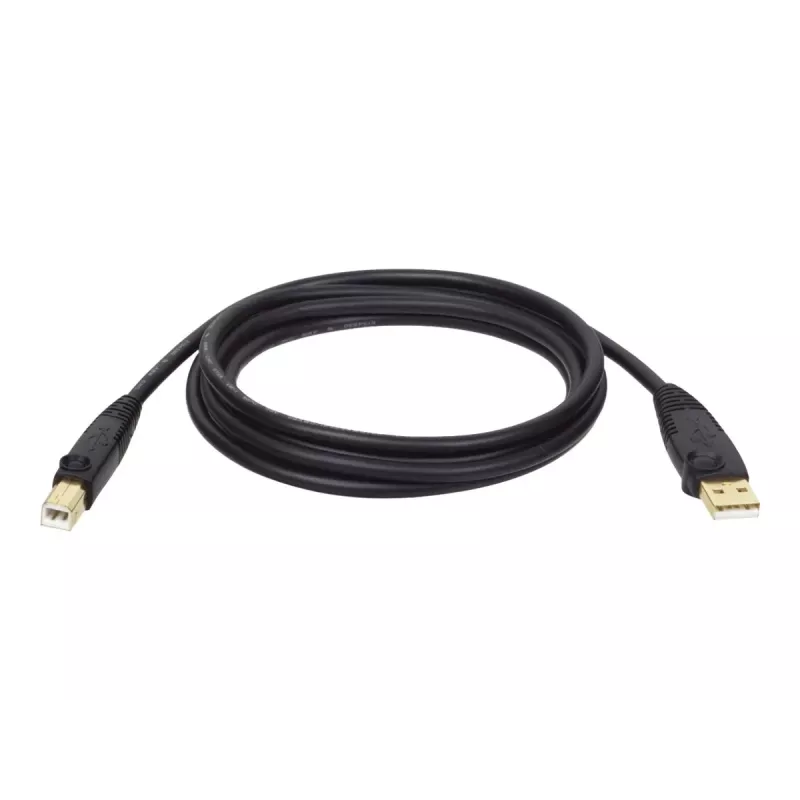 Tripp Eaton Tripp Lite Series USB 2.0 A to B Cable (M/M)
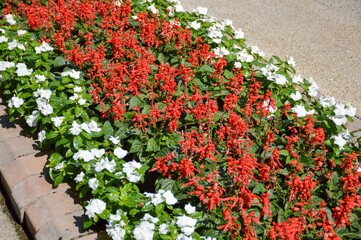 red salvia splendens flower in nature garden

--

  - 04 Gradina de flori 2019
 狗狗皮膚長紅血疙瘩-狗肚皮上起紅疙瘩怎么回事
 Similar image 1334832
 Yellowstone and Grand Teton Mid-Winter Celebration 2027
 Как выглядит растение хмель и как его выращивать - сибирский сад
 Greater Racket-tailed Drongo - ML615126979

» Assignment
Make an exact copy of the lines above, beginning with the line with "Tripp Eaton Tripp" and ending with the line with "red salvia splendens flower in nature garden", and keep the pictures out of it.

» Task result
 Tripp Eaton Tripp Lite Series USB 2.0 A to B Cable (M/M)
 red salvia splendens flower in nature garden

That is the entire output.